Per finire, nessuno deve dimenticarsi che questa categoria ha già affrontato una transizione che la riguardava direttamente, cioè quella dal nucleare: l'abbiamo sostenuta e completata, nel rispetto della dignità dei lavoratori coinvolti.

Raccontare la storia del sindacato dei chimici degli ultimi cinquanta anni significherebbe raccontare una storia di successi per la tutela della salute e dell'ambiente.

Sarebbe sufficiente avere la voglia di leggersi le centinaia di migliaia di documenti contenuti nel nostro archivio storico per convincersene.

Siamo ovviamente a disposizione di chi avesse la voglia di farlo. Abbiamo scritto nel documento che condividiamo tutti gli obiettivi del Green new Deal perché noi siamo interessati a lasciare alle future generazioni un pianeta migliore di quello che abbiamo ricevuto in eredità. Ci battiamo ogni giorno per questo e contemporaneamente non ci dimentichiamo mai di essere un sindacato che difende il lavoro.

Quello che c'è (poco purtroppo) e quello che ci sarà.

Per questo abbiamo insistito sul significato del termine "transizione" e abbiamo sostenuto che la transizione deve essere giusta (lo dice anche l'Europa: just transition) e cioè sostenibile sul versante industriale e socialmente accettabile. Non siamo contro "il cambiamento" ma siamo per governare e accelerare "il cambiamento".

La transizione energetica deve essere parte importante di un disegno complessivo di politica industriale che il paese in questo momento non ha. Non accettiamo l'idea che questa discussione possa essere fatta sulla pelle dei lavoratori a colpi di ammortizzatori sociali, perché il Paese non è pronto né tecnologicamente né industrialmente. Sarebbe sufficiente guardare alla struttura industriale del nostro Paese per comprenderlo.
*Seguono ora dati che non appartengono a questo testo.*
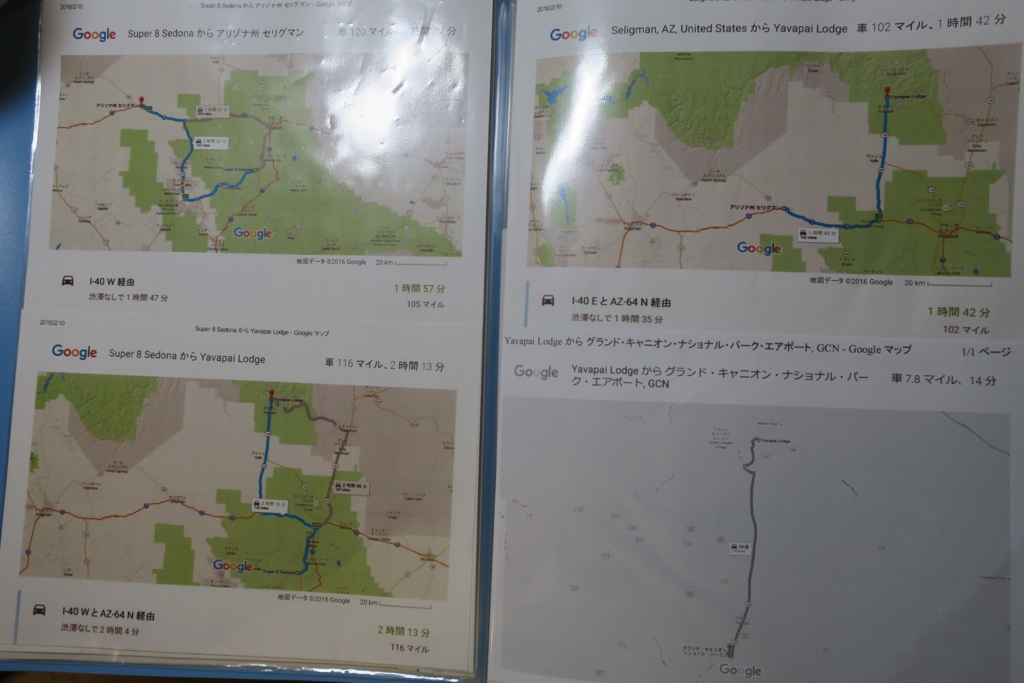 f:id:Lifeisonetime:20161230000258j:plain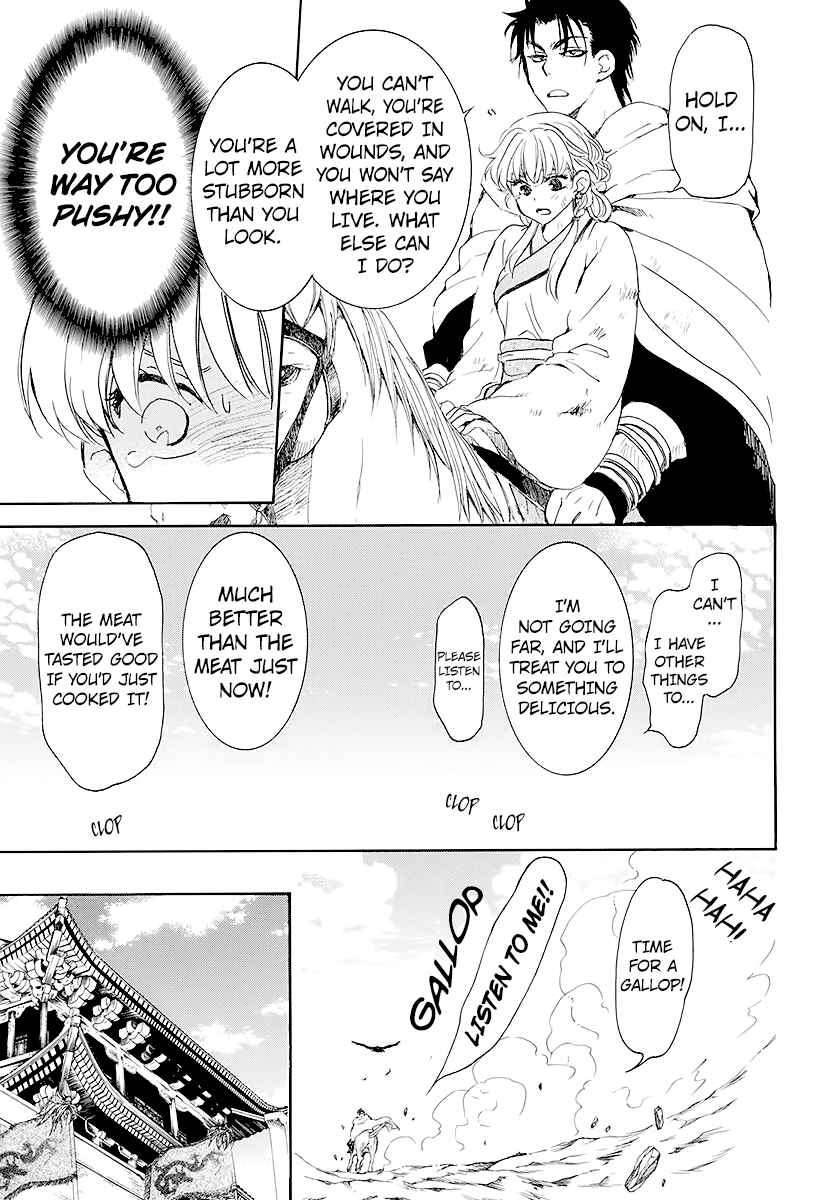 Akatsuki no Yona Chapter 190 - Page 26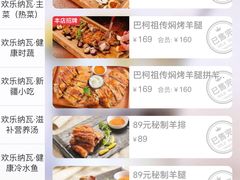 菜单-纳瓦新疆菜(银都店)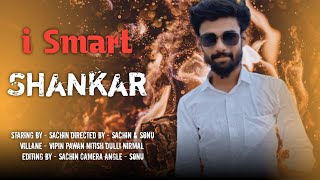 i Smart Shankar movie spoof fight climax scene | Ram Pothineni | Best dialogue scene #southmovie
Non è il luogo per entrare nei dettagli tecnici delle proposte contenute nel documento, per altro ampiamente supportate, da autorevoli pareri tecnici e scientifici, che siamo ovviamente disponibili a fornire, così come siamo disponibili a far interloquire con chiunque lo desiderasse le migliaia di ingegneri e tecnici che lavorano in quelle realtà, e che sono iscritti alla Cgil, per capirne i contenuti.

Però, come si fa a scrivere che uno dei problemi più grandi del nostro Paese è quello della "dipendenza energetica" e tacere sul fatto che le poche risorse primarie come il gas, che il nostro Paese possiede, non vengono utilizzate per le scelte legislative degli ultimi anni? Si provi a parlare con gli ingegneri, i tecnici, gli operai, i lavoratori di Ravenna se si vuole comprendere il problema.

Il cambio energetico non è on/off. Sarebbe un'ingenuità crederlo.

La storia ed il modello energetico di ciascun paese è decisiva. E l'Italia è il paese che ha il miglior mix energetico in Europa: per questo abbiamo potuto decidere una transizione più breve rispetto agli altri, anche a costo di perdere competitività nei settori industriali.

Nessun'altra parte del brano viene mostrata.